**Task goal**
Transcribe each entry exactly, without pictures.

━━━

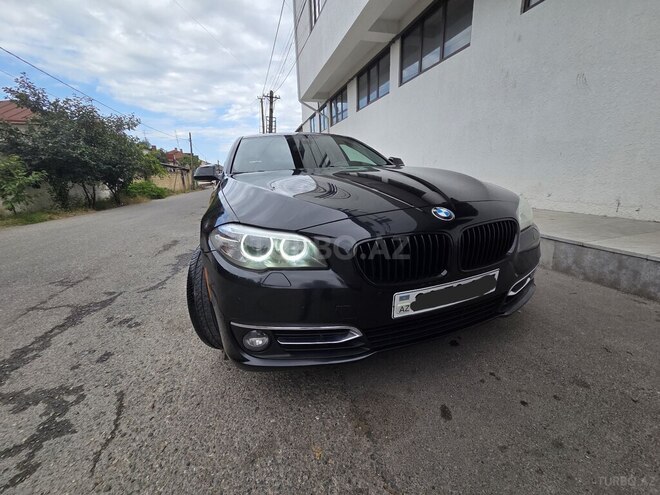 BMW 528 2015, 182,000 km - 2.0 l - Quba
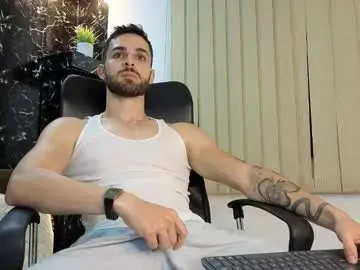 Chaturbate Best Webcam of apolo_lux1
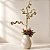 Galho Decorativo de Natal - Chá - Espiral - 67cm - 1 unidade - Cromus - Rizzo - Imagem 1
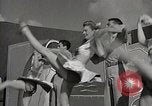 Standbild 1 Jahrestag Japan Bombardierung Insel Tinian Marianen, 1945, aus Sekunde 5 historischem Filmmaterial Videoclip 65675026711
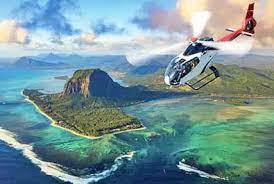 Helicopter Tours from Canggu Heliport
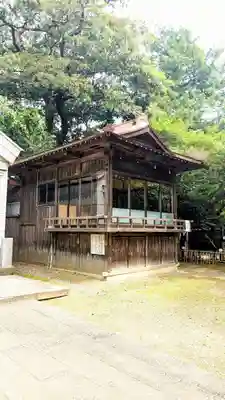 畑子安神社のその他建物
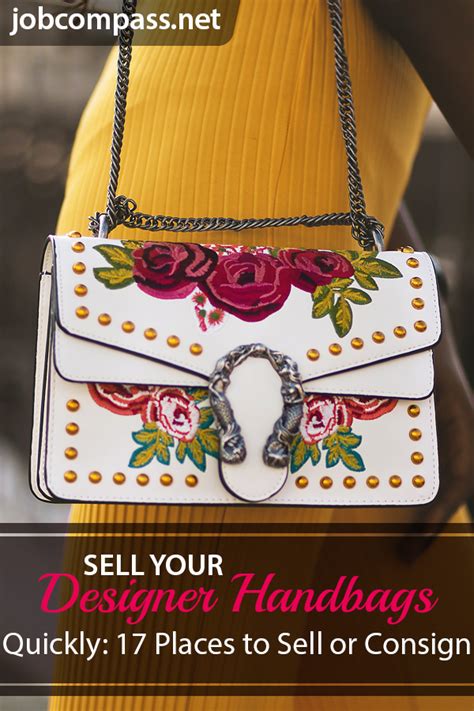 places to sell luxury handbags.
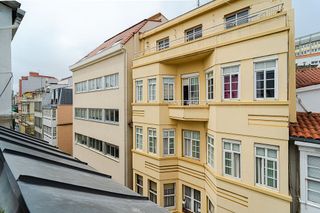 Piso en venta en Monte Alto - Zalaeta - Atocha en Coruña (A)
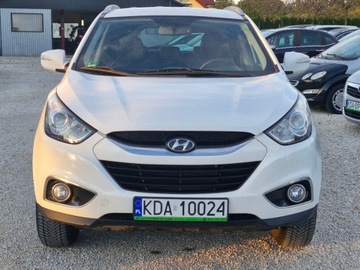 Hyundai ix35 SUV R 2.0 CRDi 136KM 2012 Hyundai ix35 Piekny 2.0 CRDI z Niemiec ful bezwypadkowy zarejestrowany 180, zdjęcie 1
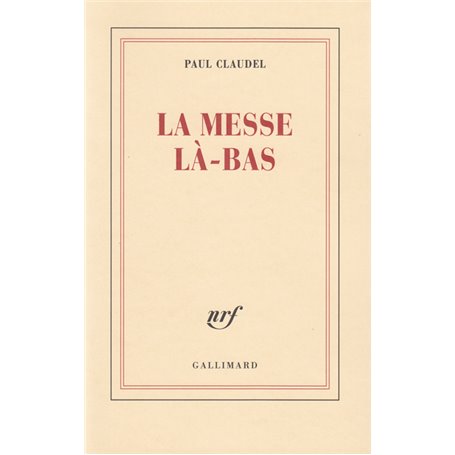 La Messe là-bas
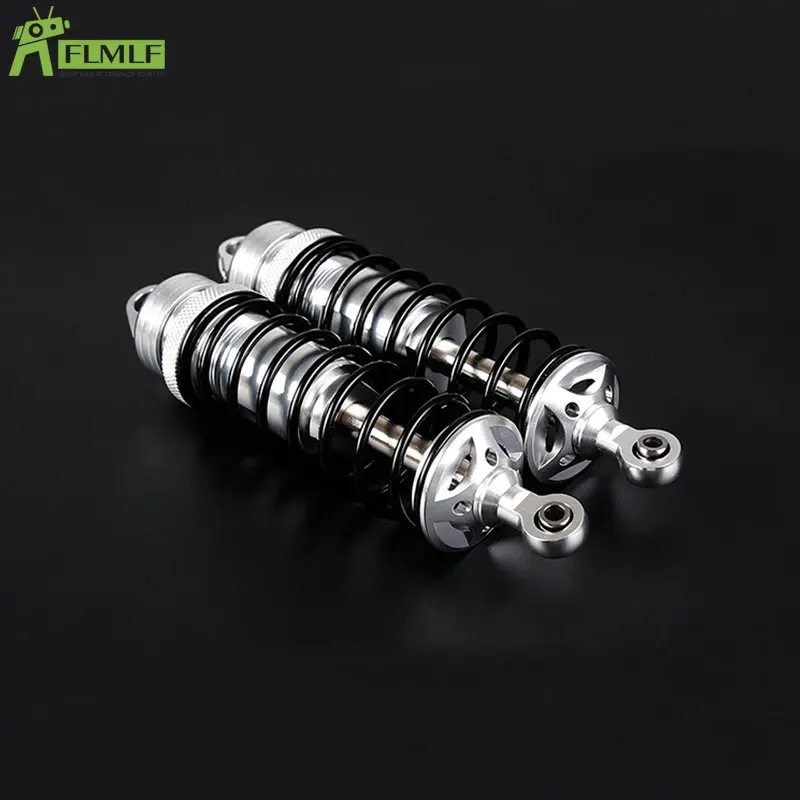 Alloy CNC 10mm Rear or Front Shock Absorber Assembled Full Metal for 1/5 Losi 5ive T ROFUN ROVAN LT KingmotorX2 Rc Car Toy Parts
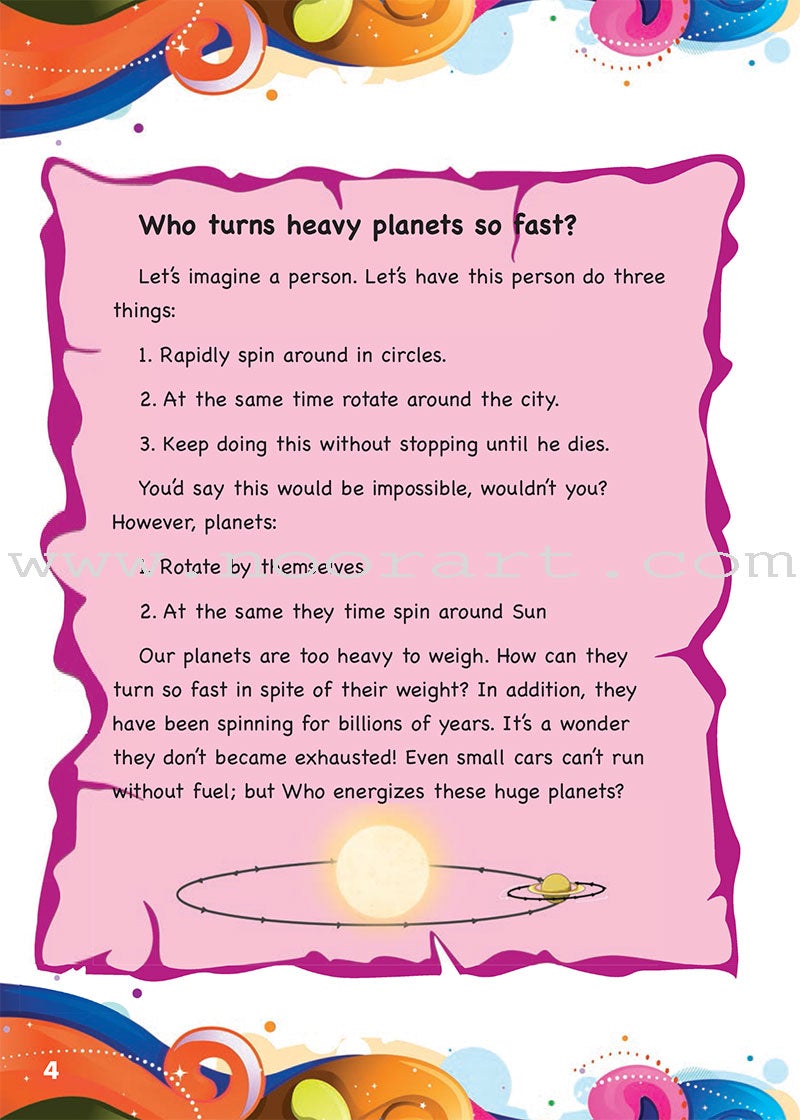 Everything Points To Allah - Seasons And Our Planet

━━━

**Your response**
 BMW 528 2015, 182,000 km - 2.0 l - Quba
 Chaturbate Best Webcam of apolo_lux1
 Galho Decorativo de Natal - Chá - Espiral - 67cm - 1 unidade - Cromus - Rizzo - Imagem 1
 Standbild 1 Jahrestag Japan Bombardierung Insel Tinian Marianen, 1945, aus Sekunde 5 historischem Filmmaterial Videoclip 65675026711
 Helicopter Tours from Canggu Heliport
 畑子安神社のその他建物
 places to sell luxury handbags.
 Piso en venta en Monte Alto - Zalaeta - Atocha en Coruña (A)
 Hyundai ix35 SUV R 2.0 CRDi 136KM 2012 Hyundai ix35 Piekny 2.0 CRDI z Niemiec ful bezwypadkowy zarejestrowany 180, zdjęcie 1
 La Messe là-bas
 Alloy CNC 10mm Rear or Front Shock Absorber Assembled Full Metal for 1/5 Losi 5ive T ROFUN ROVAN LT KingmotorX2 Rc Car Toy Parts
 Everything Points To Allah - Seasons And Our Planet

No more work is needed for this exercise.